Creating Custom Distributed Storage Engine

classic Classic list List threaded Threaded
4 messages Options
Reply | Threaded
Open this post in threaded view
|  
Report Content as Inappropriate

Creating Custom Distributed Storage Engine

Jonathan Ellithorpe
Hi All,

I saw the documentation here:

https://dev.mysql.com/doc/internals/en/custom-engine.html

But I wasn't sure if this documentation was valid for the case where I want
to create a distributed, shared, storage backend for MySQL, where many
MySQL servers are all accessing the same storage backend.

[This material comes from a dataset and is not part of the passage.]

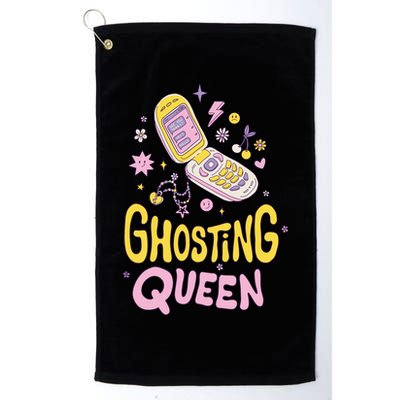 Ghosting Queen Cellphone Golf Towel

Could someone please point me in the right direction? I'm not sure if
there's something special that goes into creating a distributed storage
engine plugin for MySQL (say, for Cassandra, where one intends to deploy
multiple MySQL servers that all access the same Cassandra cluster).

Thanks for any help,
Jonathan
Reply | Threaded
Open this post in threaded view
|  
Report Content as Inappropriate

Re: Creating Custom Distributed Storage Engine

Mauritz Sundell
Hi Jonathan

On 2016-07-19 02:05, Jonathan Ellithorpe wrote:
> Hi All,
>
> I saw the documentation here:
>
> https://dev.mysql.com/doc/internals/en/custom-engine.html
>
> But I wasn't sure if this documentation was valid for the case where I want
> to create a distributed, shared, storage backend for MySQL, where many
> MySQL servers are all accessing the same storage backend.
The ndbcluster engine, which connects to a distributed storage, uses the
same storage engine interface as any storage engine.
So the referenced documentation should be valid, although there will be
complications.

>
> Could someone please point me in the right direction? I'm not sure if
> there's something special that goes into creating a distributed storage
> engine plugin for MySQL (say, for Cassandra, where one intends to deploy
> multiple MySQL servers that all access the same Cassandra cluster).
The storage engine interface have no mean to pass knowledge of other
MySQL servers connected to the same distributed data.
And the MySQL server do not need to know either.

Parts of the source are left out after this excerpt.